Tonight was a very bad night for John McCain. He came into the debate with a steep hill to climb. He ended the debate further behind.
John McCain began the debate well. Thirty minutes into the debate the wheels came off. He was goaded into bringing up William Ayers and ACORN. He brought up both in one poorly cadenced sentence that rushed past McCain’s lips. With that John McCain showed the American public the pettiness of his election campaign. While the country is struggling with an economic crisis and families are struggling with their bills, John McCain made his campaign about school yard taunts and not about the American people. In a little over five minutes of frothing at the mouth about Barack Obama and his "associations", John McCain had lowered himself to the status of his running mate, Sarah Palin. That is to say, John McCain – once a man of honor – became a small petty man. Next to him, Barack Obama looked presidential. The only man on that stage who wanted to talk about the American people was Barack Obama. John McCain was more concerned with defending hate mongers from John Lewis’s words than what his campaign should have been about – the American people. Like Sarah Palin, he made himself into a joke of a candidate.

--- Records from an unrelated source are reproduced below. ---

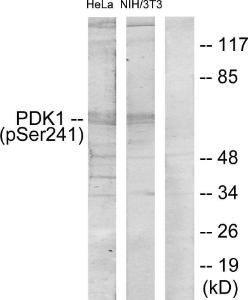 Western blot analysis of lysates from HeLa cells and NIH/3T3 cells using Anti-PDK1 (phospho Ser241) Antibody The right hand lane represents a negative control, where the antibody is blocked by the immunising peptide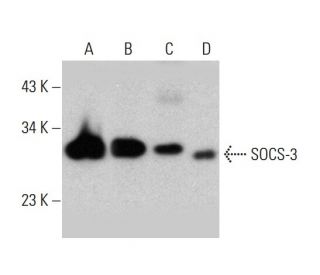 SOCS-3 Antibody (SO1) - Western Blotting - Image 388022 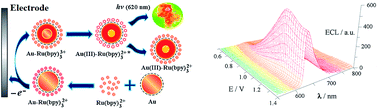 Graphical abstract: Electrochemiluminescence of gold nanoparticles and gold nanoparticle-labelled antibodies as co-reactants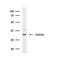 Cell Division Cycle 34 antibody, MA1-23176, Invitrogen Antibodies, Western Blot image 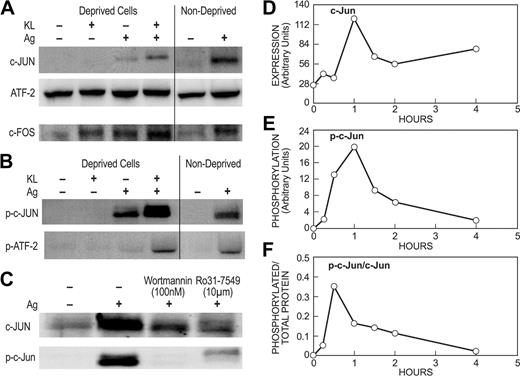 Figure 6. KL and antigen interact synergistically in the expression and phosphorylation of AP-1–related transcription factors. Deprived and nondeprived mast cell cultures were incubated overnight with antigen-specific IgE as described for previous figures. For panels A and B, deprived and nondeprived cultures were stimulated for 1 hour with 100 ng/mL KL, antigen (Ag), or both stimulants as indicated. For panel C, 100 nM wortmannin or 10 μM Ro31-7549 was added to nondeprived cells 10 minutes before addition of antigen and the reaction was terminated 1 hour later. Immunoblots were probed with antibodies against c-Jun, ATF-2, or c-Fos proteins or the activated phosphorylated forms of these proteins (designated with the prefix “p-”). For panels D-F, nondeprived cultures were stimulated with 100 ng/mL antigen for the time periods indicated. The increase in amount of c-Jun (D) and levels phosphorylated c-Jun (E) as determined by densitometric scans are shown for a typical experiment. For panel F, the data were calculated in terms of specific activity (ie, phosphorylated c-Jun/total c-Jun). All data are representative of results from at least 3 sets of experiments.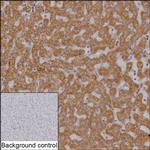 Prohibitin Antibody in Immunohistochemistry (Paraffin) (IHC (P))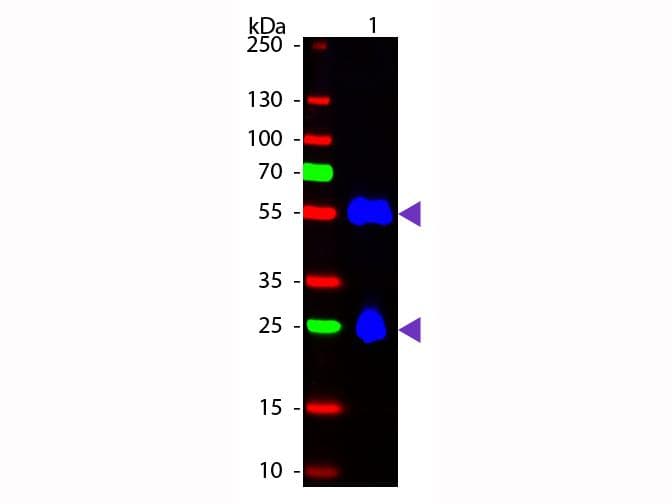 Donkey Anti-Mouse IgG Secondary Antibody (FITC)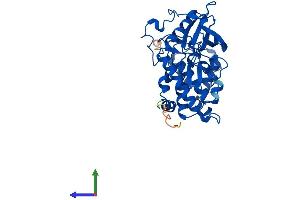 AlphaFold protein structure predicition of Mouse Recombinant Csnk2a2 Protein, UniprotID O54833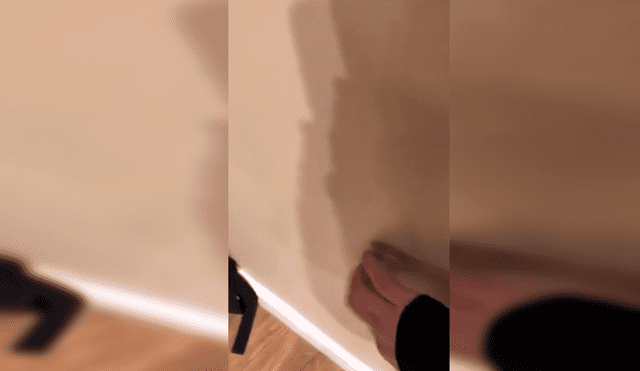 Desliza las imágenes para ver al travieso gato que quedó atrapado entre las paredes. Foto: captura de YouTube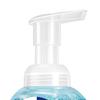 Walch Healthy Care Foaming Antibacterial Hand Wash
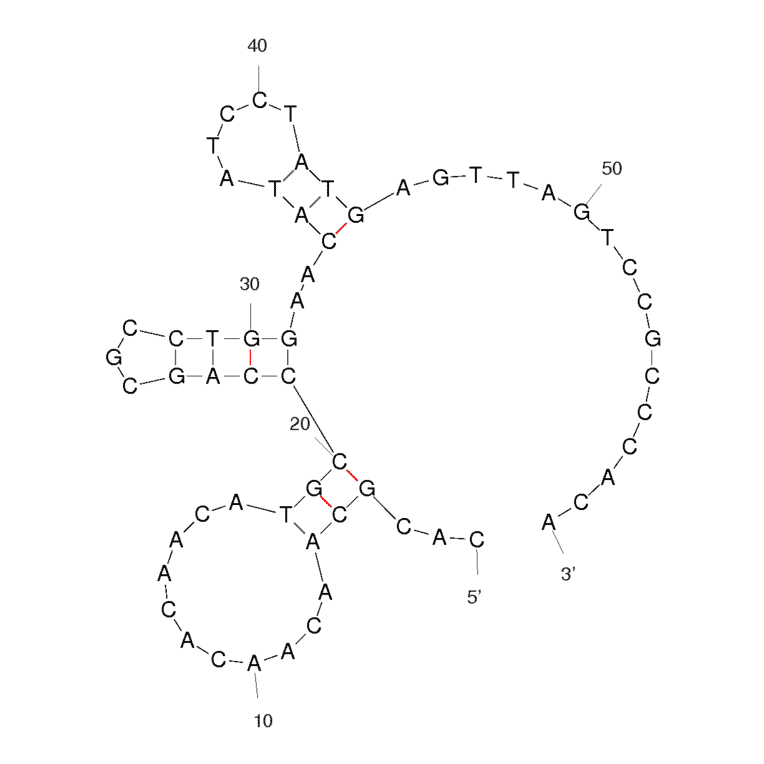 Secondary Structure - Anti-Microcystin Aptamer [RC6] (Biotin) (A320938) - Antibodies.com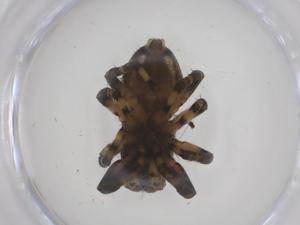  (Titanattus notabilis - CBG-A52202-C03)  @11 [ ] CreativeCommons - Attribution Share - Alike (2024) Centre for Biodiversity Genomics Centre for Biodiversity Genomics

McCain spent the remainder of the debate either being angry or pushing Republican ideology on social issues, tax policy, education and healthcare. Early on in the debate McCain declared he was not George Bush. Late in the debate he proved that he indeed was George Bush by pushing familiar and failed policy prescriptions. He may have made his base happy, but the few independents that remained undecided probably moved into Obama’s column tonight.
So, the narrative is set now. Barack Obama is calm, thoughtful, and presidential. John McCain is angry, erratic, and petty. The risky candidate is John McCain – a trait that always loses elections.
As it stands tonight, this race has all the hallmarks of an electoral landslide. All that remains now are three weeks of ugliness from the McCain campaign. Then the American people finally speak at the polls.